Aim of the exercise -
Give the entries again exactly as they appear, but without the images.

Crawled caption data
--- --- ---

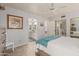 Bright bedroom with connecting bathroom and plenty of closet space at 2348 W Comstock Dr, Chandler, AZ 85224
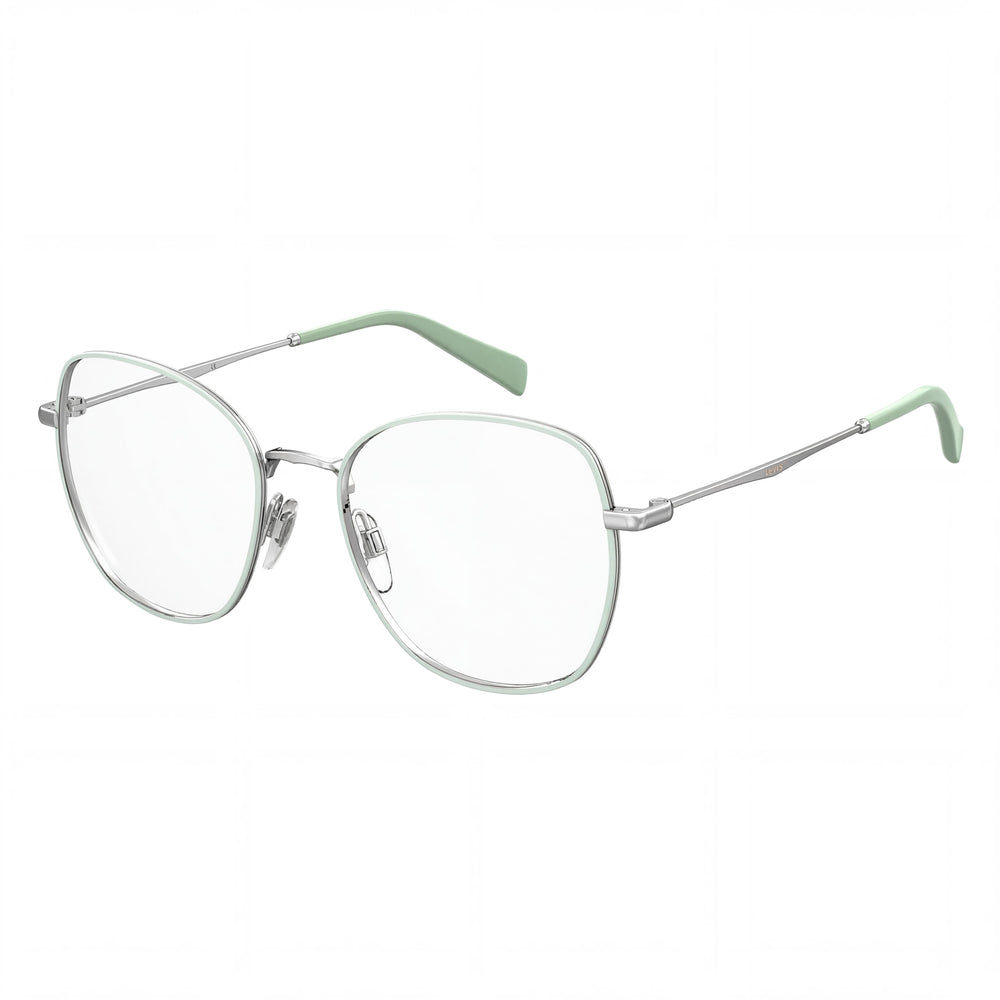 Levi's Green Round Eyeglasses for Women, Metal frame
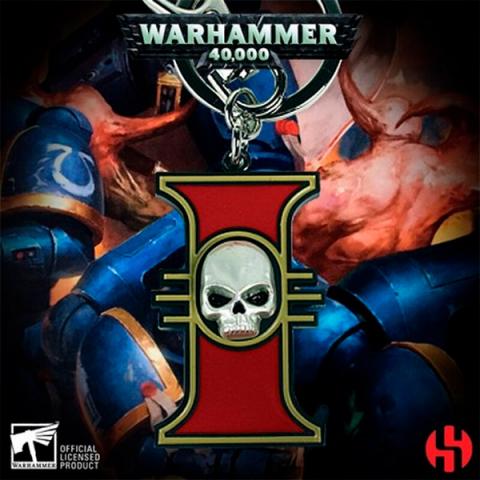 Warhammer Keychain: Metal Inquisition Emblem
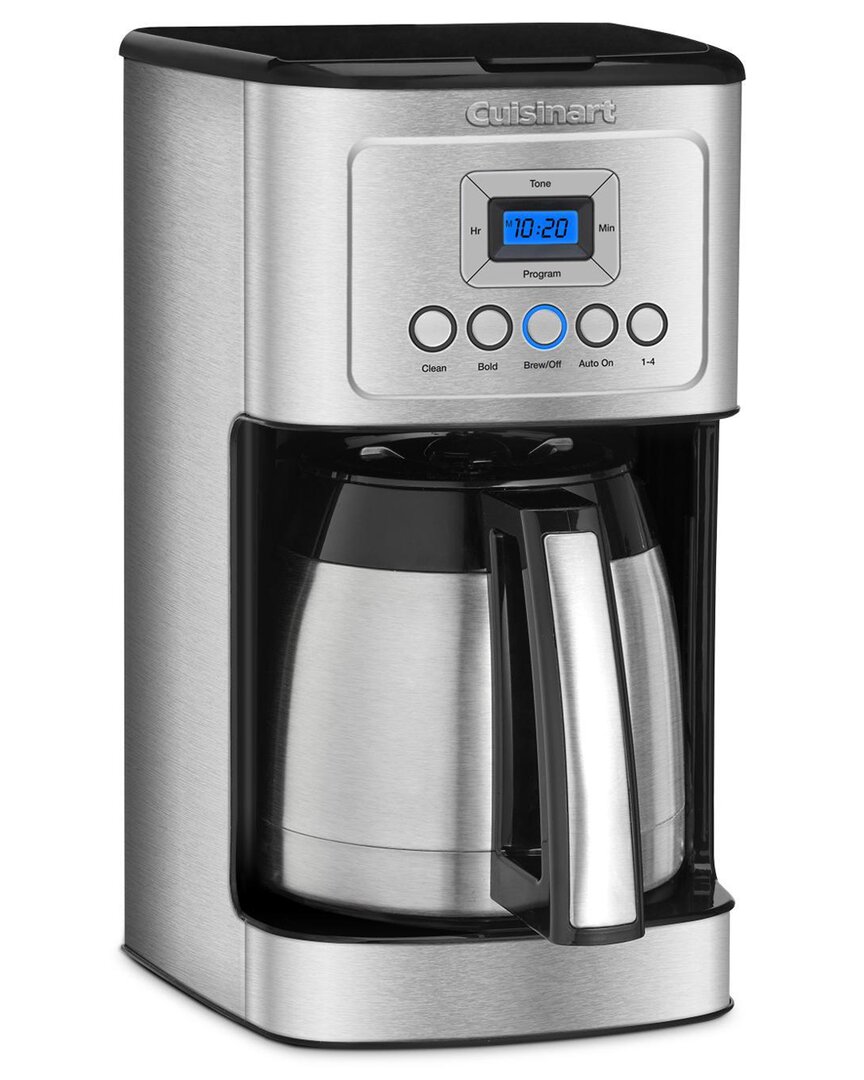 Cuisinart 12-cup Coffeemaker With Stainless Steel Carafe Dcc-3400p1 In Silver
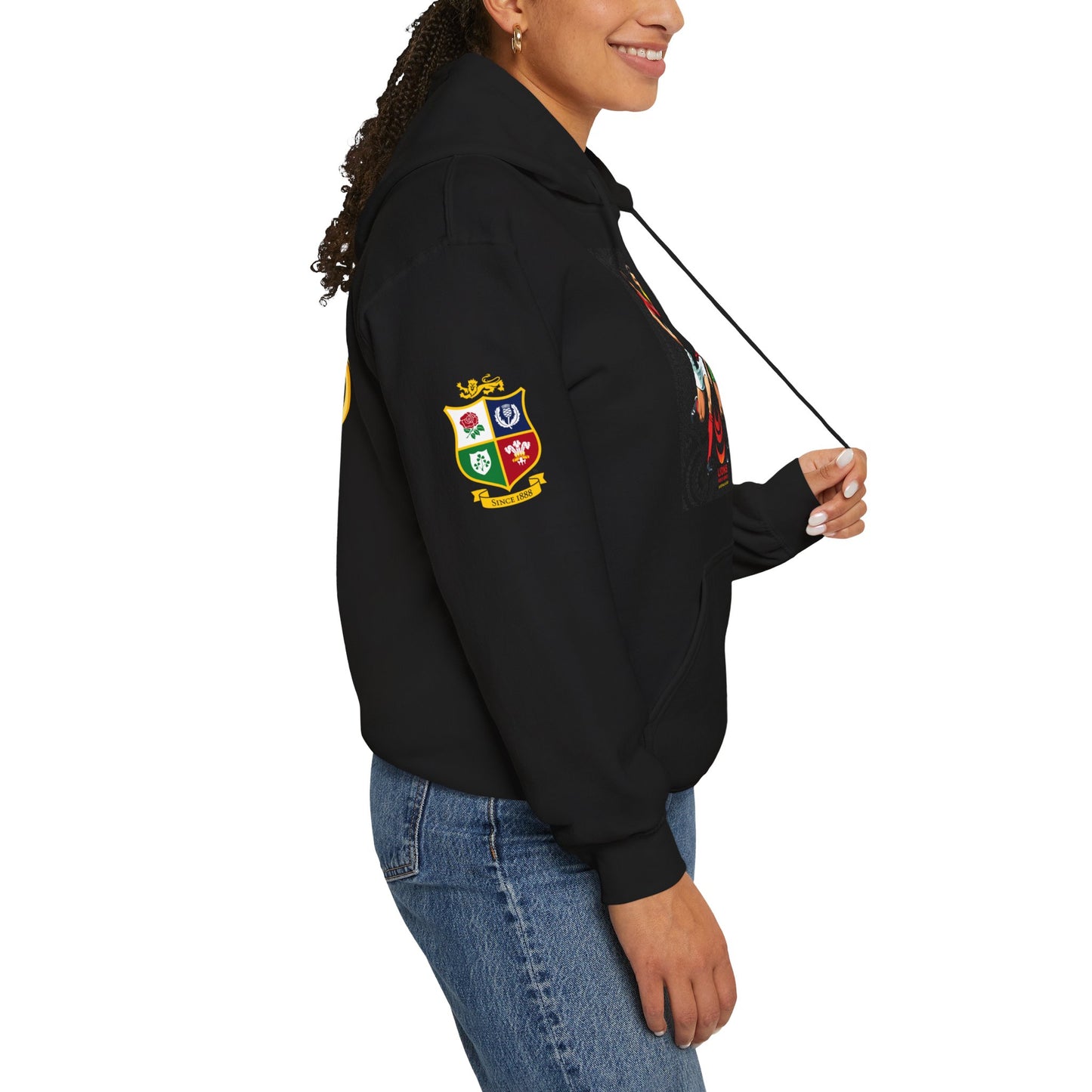 Sports-Inspired Unisex Heavy Blend™ Hooded Sweatshirt - 2025 Lions in Australia Rugby Tour Design - (Made in-house)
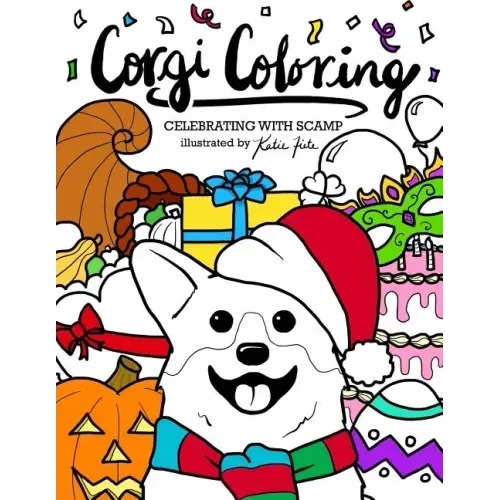 Corgi Coloring: Celebrating with Scamp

--- --- ---

Response below -
 Bright bedroom with connecting bathroom and plenty of closet space at 2348 W Comstock Dr, Chandler, AZ 85224
 Levi's Green Round Eyeglasses for Women, Metal frame
 Warhammer Keychain: Metal Inquisition Emblem
 Cuisinart 12-cup Coffeemaker With Stainless Steel Carafe Dcc-3400p1 In Silver
 Sports-Inspired Unisex Heavy Blend™ Hooded Sweatshirt - 2025 Lions in Australia Rugby Tour Design - (Made in-house)
 Corgi Coloring: Celebrating with Scamp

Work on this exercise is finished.